Koestenbaum's book of poems minces memory and culture into titbits to propose a new 'nude' poetics. The collection draws upon his signature themes - stardom, scapegoating, aestheticism, nudism, exaltation - and cuts them into serial strips. Using techniques such as pointillism, mosaic, aphorism, litany and philosophical investigation, the poet trips through a memory theatre whose luminaries range from Yvonne De Carlo to Hannah Arendt and assembles melancholy tesserae into tidily stanzaic sacrificial offerings.
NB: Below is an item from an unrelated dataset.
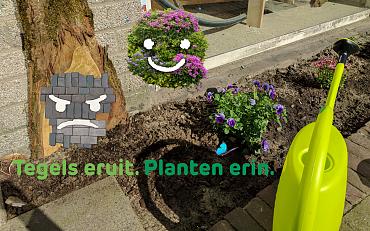 Kom tuintegels ruilen voor gratis plantjes!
Wayne Koestenbaum's brilliant new collection is like a lurid coloring book of "Fauvist Depravity." Playfully perverse, his poems reinvent the lyrical, satirical barb for our moment. And they're as telling as they are outrageous. Where else could we meet "the Mrs. Robinson of Abstract Expressionism" or experience the joy of biting "the wolfman's wombat ass." This scholar of excess is off the cuff, over the top, and always on the money!
Elaine Equi
Like a desiccated David Markson novel, this addictively readable book of minimalist pop koans welds the body to the page. Strained through dreamspace, refracted by mediaspace and enacted in meatspace, these poems refute stability and certainty, opting instead for the irrefutable vageries of Koestenbaum's exquisitely tuned subjectivity.